Chapter eight in this text has outlined possible views of Jesus as a Hellenistic miracle worker [italics added], God's servant [italics added], and a Christological figure [italics added], also suggesting that the point at which Jesus becomes Son of God can be traced to significant moments: birth (not in Mark), baptism, transfiguration, cross, and resurrection, and ascension (not in shorter ending of Mark). Chapter eight in Mark concludes with the first Passion prediction. Readers may wish to recall that very definite time references in Mark preclude the mistaken or misunderstood question of Jesus's identity: in Mark 4:35,  "On that day when evening had come, he [Jesus] said to them [disciples] , 'Come, let us go across to the other side.'" What has preceded is teaching at the sea, some short parables, a discussion of the purpose of parables,  and this nature miracle that causes the disciples to ask, "Who then is this, that even the wind and sea obey him?" Upon Peter's confession that Jesus is the Messiah (8:29), Jesus then began to teach them (first Passion prediction). Chapter 9:1, as already discussed, begins with the announcement of the imminent Kingdom of God. I there suggested that this announcement was not apocalyptic but introduces the Kingdom of God as coming with power to be experienced in the living. Not surprisingly, this announcement precludes the definite "Six days later" that introduces the transfiguration. This is clearly a divine manifestation; NISB notes remark that scholars argue that" the' six days' refer to crucifixion and burial" and constitute a "misplaced ' resurrection appearance story."

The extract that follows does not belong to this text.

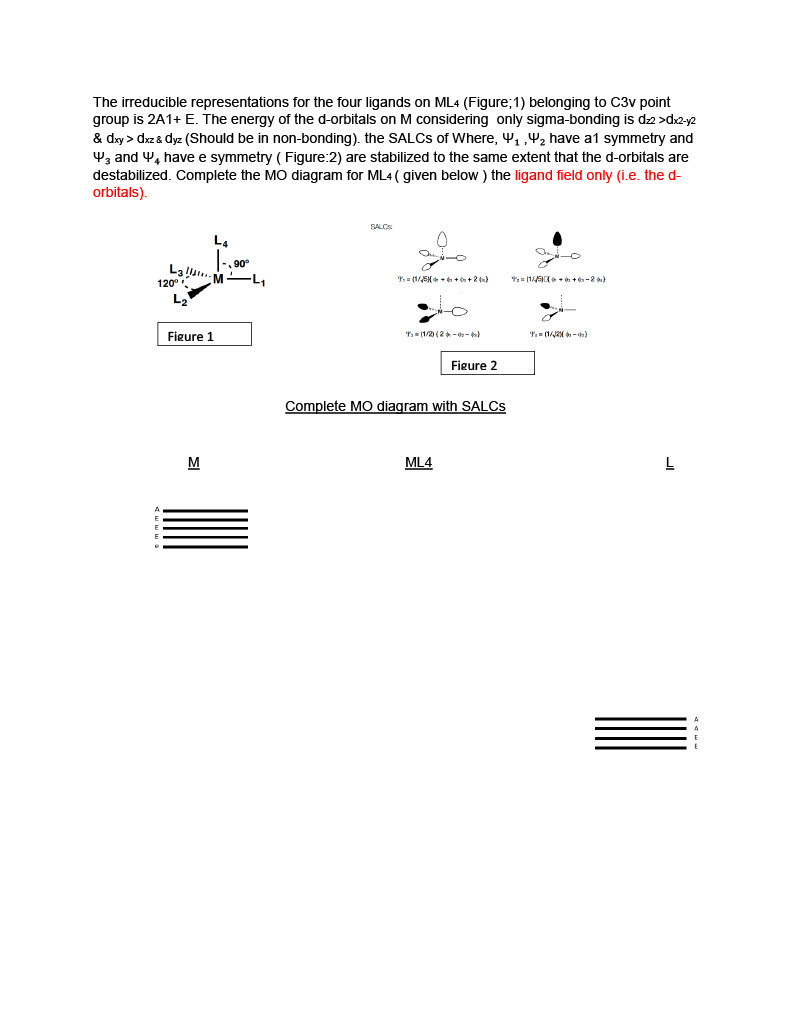 Question image 1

Michael Turton finds the transfiguration as related to Exodus and Elijah and Moses as representing Prophecy and Law:

v2: McNeile (1927) sees a close relationship with Exodus 24:13-18:

13 Then Moses set out with Joshua his aide, and Moses went up on the mountain of God. 14 He said to the elders, "Wait here for us until we come back to you. Aaron and Hur are with you, and anyone involved in a dispute can go to them." 15 When Moses went up on the mountain, the cloud covered it, 16 and the glory of the LORD settled on Mount Sinai. For six days the cloud covered the mountain, and on the seventh day the LORD called to Moses from within the cloud. 17 To the Israelites the glory of the LORD looked like a consuming fire on top of the mountain. 18 Then Moses entered the cloud as he went on up the mountain. And he stayed on the mountain forty days and forty nights. (NIV)

4: And there appeared to them Eli'jah with Moses; and they were talking to Jesus. 

v4:  Elijah plays an important role in Mark's gospel. Heil (1999) writes:

"Whereas Matt 17,3 and Luke 9,30 mention Moses first and coordinate him with Elijah in the expression, "Moses and (kai\) Elijah", Mark 9,4 mentions Elijah first and seems to subordinate Moses to him in the expression, "Elijah with (su\n) Moses" 1. But a close examination of all the instances where Mark uses the preposition su/n indicates that this is not the case. On the contrary, the object of the preposition su\n in every instance represents the more notable party."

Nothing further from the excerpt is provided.